I HAVE SHOWN MY KIDS HOW TO MAKE IT WITH HEAVY WHIPPING CREAM IN A PINT CARTON , JUST ALLOW IT GET TO ROOM TEMP AND SHAKE FOR 5 MINS AND THEN SET IT IN A MOLD AND CHILL IN FRIDGE . I PREFER SALT IN MINE .


----------



## glass man (Mar 31, 2009)

COOL! WILL TRY.JAMIE


----------



## capsoda (Apr 1, 2009)

Hey Sam, It would be great if you could get $70 to $125 for it but I believe it is the Dazey with the metal paddles that bring the high bucks.
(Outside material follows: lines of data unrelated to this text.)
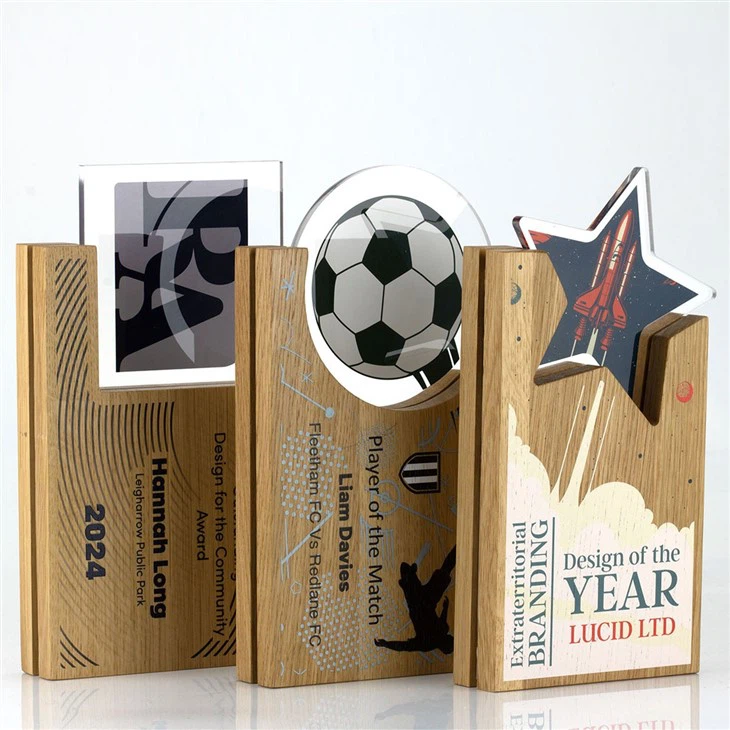 Wood Hovering Circle Sports Award suppliers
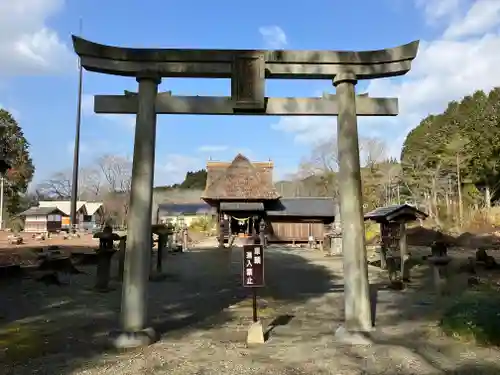 十島菅原神社の鳥居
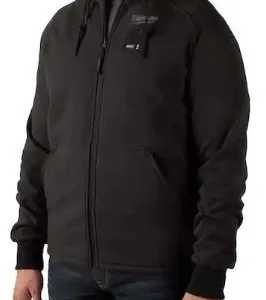 Men's Large M12 12-Volt Lithium-Ion Cordless Black Heated Jacket Hoodie Kit with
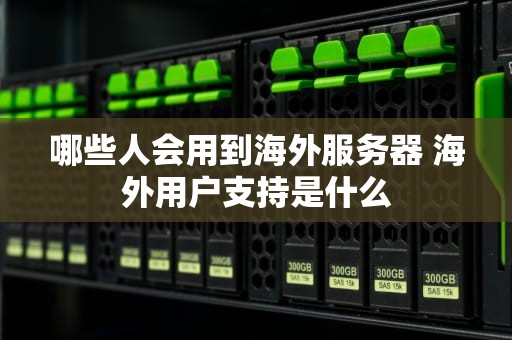 哪些人会用到海外服务器 海外用户支持是什么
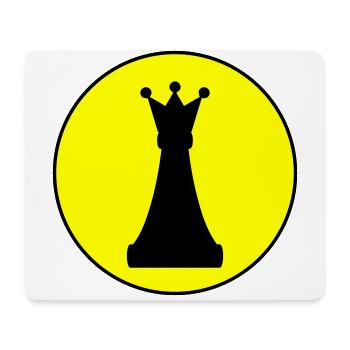 Chess piece queen - Mouse Pad (horizontal) - white - Front
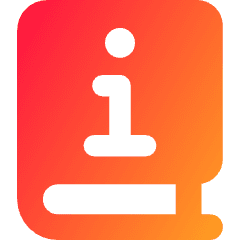 User Manual Icon from Core Gradient Set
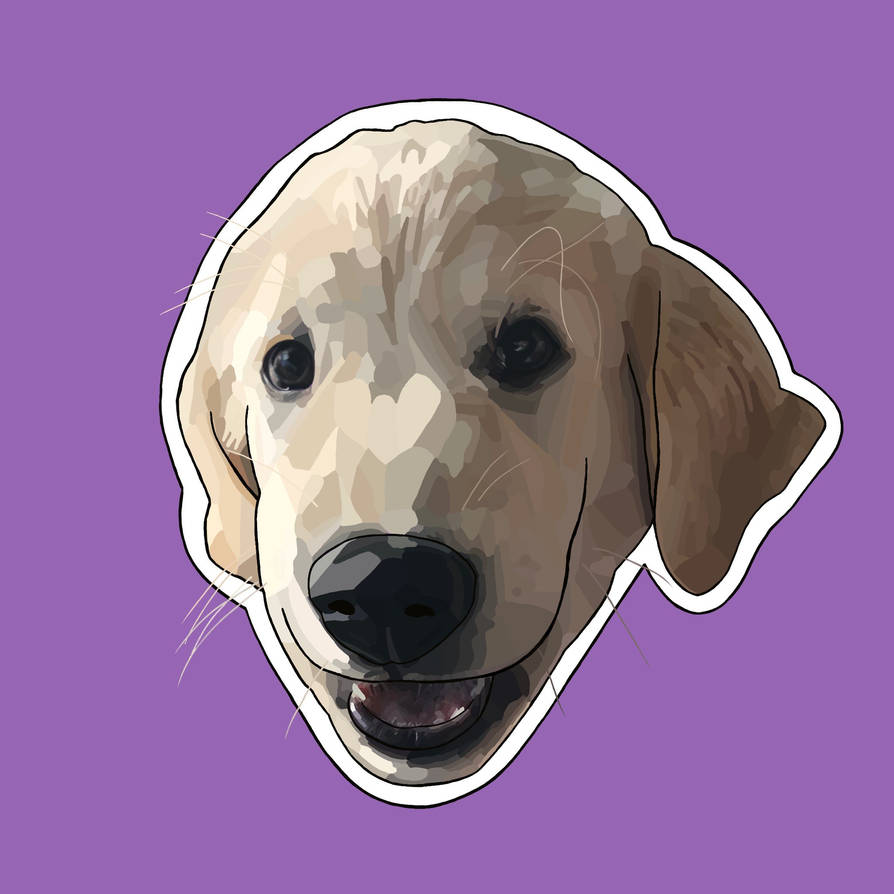 Happy puppy sticker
 I'll have to remember that quick butter recipe. The jar is only worth a couple of bucks at best. Is the horse lead or cast iron?


----------



## athometoo (Apr 1, 2009)

THE HORSE IS CAST IRON  , THE BUTTER SECRET IS ROOM TEMP HEAVY CREAM , SHAKE FOR 5 MINS  , POUR OFF THE 2%  MILK THATS LEFT  , OPEN THE  PINT OR HALF PINT CONTAINER AND SPOON BUTTER INTO SMALL DISH AND REFRIGERATE FOR 20 MINS  . IF ITS COLD IT WILL TAKE FOREVER , YOUR ARM WILL FALLOFF FROM SHAKING .


----------